Segment Start: GIVEN DATA
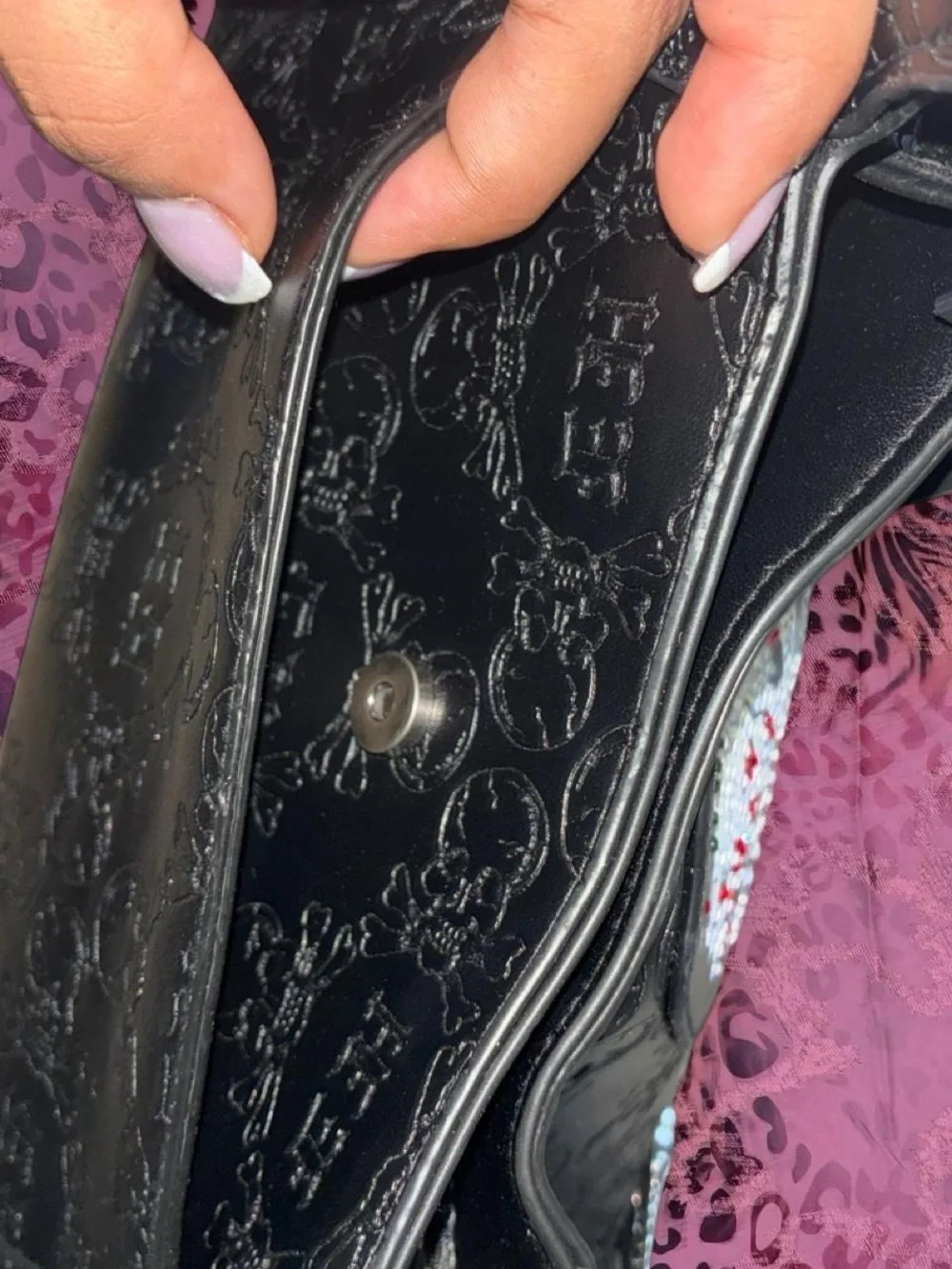 Ed Hardy Black Satchel with Embroidered Skull Heart Patch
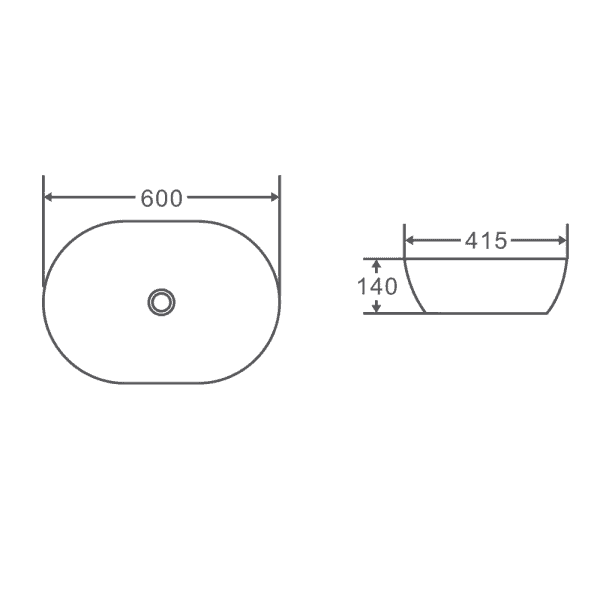 Evea Oval Above - Counter Basin with Self - Cleaning Surface (600x415x140)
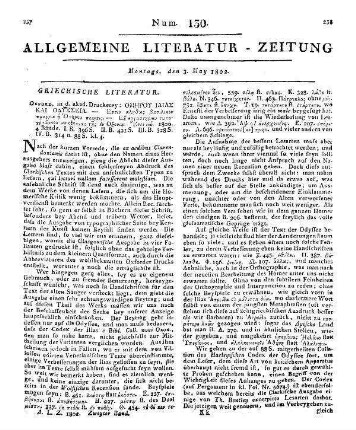 Homerus: Ilias kai Odysseia. Bd. 1-4. Oxford: University Press 1800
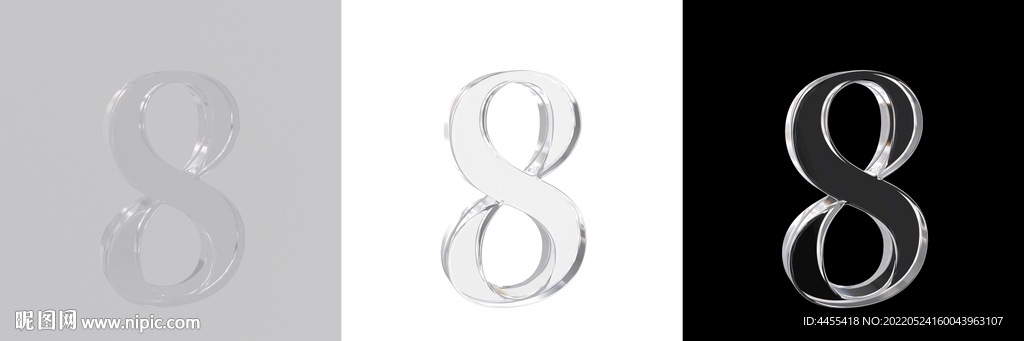 水晶玻璃数字8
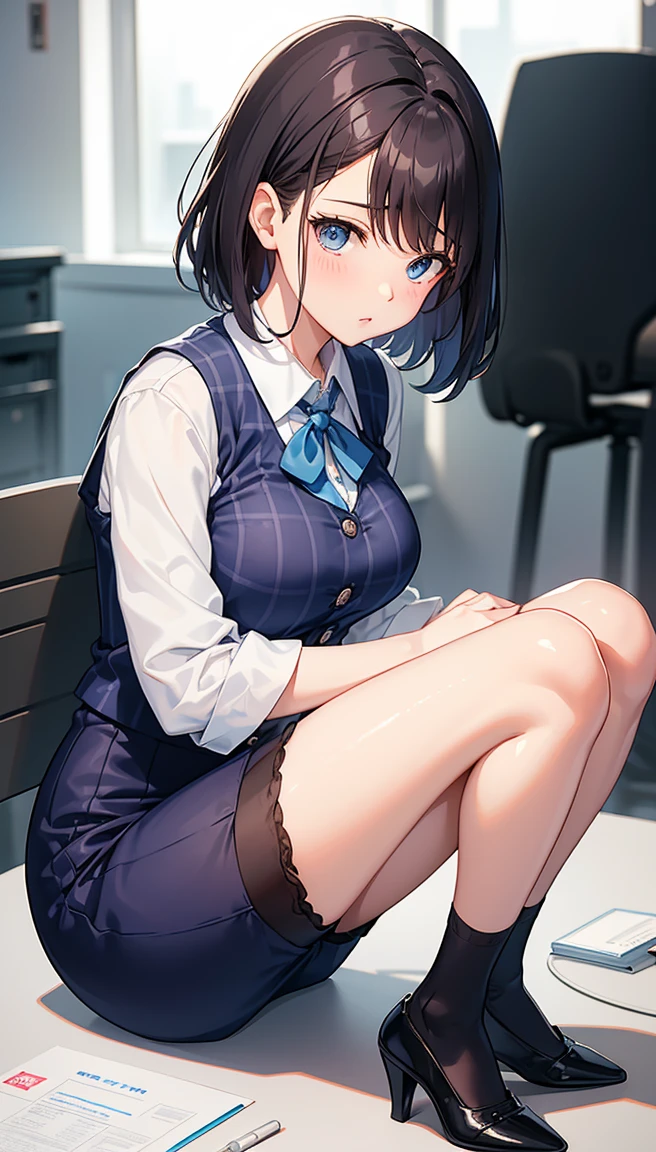 (Panties on one leg:1.3), Best Quality, nsfw,　Beautiful woman、Officeレディー、Brown Hair、(blue eyes、Straight bangs)、Short Hair、チェック柄のダークブルーのOfficeスーツ)、New Employees,whole bodyショット、Female office lady、break(Dark blue checked vest、White dress shirt、Navy blue long tight pencil skirt:1.2)、(Black tights、High heels)、break(Office:1.3)、(((whole body)))、(((Position:1.2)))、((small breasts)),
Segment End: GIVEN DATA
* ABOUT THIS TASK:
Pictures are to be omitted; set down the rest of the entries exactly as given.

* RESPONSE TO THE TASK:
 Ed Hardy Black Satchel with Embroidered Skull Heart Patch
 Evea Oval Above - Counter Basin with Self - Cleaning Surface (600x415x140)
 Homerus: Ilias kai Odysseia. Bd. 1-4. Oxford: University Press 1800
 水晶玻璃数字8
 (Panties on one leg:1.3), Best Quality, nsfw,　Beautiful woman、Officeレディー、Brown Hair、(blue eyes、Straight bangs)、Short Hair、チェック柄のダークブルーのOfficeスーツ)、New Employees,whole bodyショット、Female office lady、break(Dark blue checked vest、White dress shirt、Navy blue long tight pencil skirt:1.2)、(Black tights、High heels)、break(Office:1.3)、(((whole body)))、(((Position:1.2)))、((small breasts)),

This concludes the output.